Menurut Petrus, dengan tetap mempertahankan hakim terlapor (Ketua MK Anwar Usman) dalam jabatan hakim konstitusi dengan sedikit menghilangkan kekuasaan dan wewenangnya sebagai ketua MK dengan pembatasan tidak ikut sidang perkara tertentu dan tidak ikut dicalonkan atau mencalonkan diri sebagai pimpinan MK.

Ketua MK Anwar Usman saat membuka sidang pleno khusus dalam rangka memperingati Hari Ulang Tahun ke-20 Mahkamah Konstitusi, pada Kamis (10/8/2023) di Ruang Sidang Pleno MK. Foto: Dok Humas/Ifa

Namun demikian hakim terlapor masih menjadi ancaman disharmonisasi dalam tubuh MK, sehingga hakim terlapor dikhawatirkan akan menjalankan peran-peran non yustisial secara lebih leluasa tanpa beban dan ini tentu jadi ancaman serius atau bom waktu bagi MK ke depan.

“Selain itu hakim terlapor juga dalam Peraturan MK Nomor 1 Tahun 2023, telah menutup jalan bagi terlapor/pelapor untuk banding, sementara peraturan banding yang seharusnya dibuat oleh hakim terlapor selaku ketua MK selama ini diabaikan, padahal itu menjadi tugas dan kewajiban seorang ketua MK,” ungkapnya.

Karena itu, kata Petrus, advokat Perekat Nusantara dan TPDI akan melaporkan hakim Terlapor ke Ombudsman RI terkait kesalaham dalam tata kelola pelayanan administrasi publik di MK terutama menutup pintu bagi kontrol publik terhadap MK selama ini.

“Satu hal penting dan positif dalam putusan MKMK ini adalah telah mendeligitimasi pencalonan sebagai Bacawapres Gibran Rakabuming Raka, di mana putusan MKMK yang memberhentikan hakim terlapor dari jabatan ketua MK terkait pelanggaran kode etik dalam penanganan perkara No.90/PUU-XXI/2023, akibat konflik kepentingan karena hubungan keluarga dari sudut pandang etika dan hukum.
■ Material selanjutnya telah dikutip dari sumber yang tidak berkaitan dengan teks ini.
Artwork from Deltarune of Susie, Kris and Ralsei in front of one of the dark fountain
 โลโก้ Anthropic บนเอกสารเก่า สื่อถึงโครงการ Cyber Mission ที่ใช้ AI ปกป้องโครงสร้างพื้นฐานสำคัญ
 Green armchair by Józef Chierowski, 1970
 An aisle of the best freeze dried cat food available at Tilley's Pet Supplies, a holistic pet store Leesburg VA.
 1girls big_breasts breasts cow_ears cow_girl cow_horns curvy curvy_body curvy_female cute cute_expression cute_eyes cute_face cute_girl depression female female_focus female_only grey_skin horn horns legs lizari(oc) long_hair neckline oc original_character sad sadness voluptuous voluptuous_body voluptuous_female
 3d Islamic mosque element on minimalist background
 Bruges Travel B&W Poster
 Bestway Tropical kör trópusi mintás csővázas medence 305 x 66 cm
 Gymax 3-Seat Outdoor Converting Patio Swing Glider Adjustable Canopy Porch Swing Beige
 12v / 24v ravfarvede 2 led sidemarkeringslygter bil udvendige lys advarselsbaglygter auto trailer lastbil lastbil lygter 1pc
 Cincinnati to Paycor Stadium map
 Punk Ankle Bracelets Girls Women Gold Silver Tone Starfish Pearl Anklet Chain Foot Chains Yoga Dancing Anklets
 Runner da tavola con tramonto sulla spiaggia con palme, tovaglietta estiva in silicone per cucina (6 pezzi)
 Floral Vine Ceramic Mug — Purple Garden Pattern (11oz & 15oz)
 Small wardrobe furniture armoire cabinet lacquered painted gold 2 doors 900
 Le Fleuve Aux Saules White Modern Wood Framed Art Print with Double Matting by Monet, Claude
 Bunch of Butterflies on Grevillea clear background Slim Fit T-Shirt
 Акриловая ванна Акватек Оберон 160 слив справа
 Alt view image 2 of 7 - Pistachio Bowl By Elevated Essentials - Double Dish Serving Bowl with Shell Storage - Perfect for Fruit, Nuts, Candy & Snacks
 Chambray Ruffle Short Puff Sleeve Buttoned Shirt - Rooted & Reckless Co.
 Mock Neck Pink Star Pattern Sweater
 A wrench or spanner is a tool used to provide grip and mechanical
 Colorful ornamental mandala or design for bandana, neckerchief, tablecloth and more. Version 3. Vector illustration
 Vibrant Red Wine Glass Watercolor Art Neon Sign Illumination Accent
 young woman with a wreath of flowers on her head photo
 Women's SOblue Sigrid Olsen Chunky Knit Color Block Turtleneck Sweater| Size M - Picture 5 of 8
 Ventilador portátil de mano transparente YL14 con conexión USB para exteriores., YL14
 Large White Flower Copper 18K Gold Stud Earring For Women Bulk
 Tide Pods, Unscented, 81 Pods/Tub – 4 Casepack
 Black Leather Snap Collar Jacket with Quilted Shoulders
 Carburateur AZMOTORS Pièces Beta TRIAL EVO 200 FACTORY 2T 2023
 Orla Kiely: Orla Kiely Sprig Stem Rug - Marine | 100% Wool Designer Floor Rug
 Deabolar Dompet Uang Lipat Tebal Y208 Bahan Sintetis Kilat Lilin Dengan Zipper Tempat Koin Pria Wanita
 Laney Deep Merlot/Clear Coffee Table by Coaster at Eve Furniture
Hal itu harus dinyatakan bahwa pencalonan Gibran sebagai Bacawapres tidak akan menuai gugatan secara beranak pinak dari Sabang sampai Marauke,” ujarnya.

Sebagaimana diketahui ada 5 amar putusan MKMK dalam perkara dugaan pelanggaran etik yang dilakukan terlapor Ketua MK Anwar Usman yang dibacakan Selasa (7/11/2023).

Pertama, menyatakan hakim terlapor terbukti melalukan pelanggaran berat terhadap kode etik dan perilaku hakim kosntitusi sebagaimana tertuang dalam Sapta Karsa Hutama, prinsip ketakberpihakan, integritas, kecakapan dan kesetaraan, independensi, kepantasan dan kesopanan.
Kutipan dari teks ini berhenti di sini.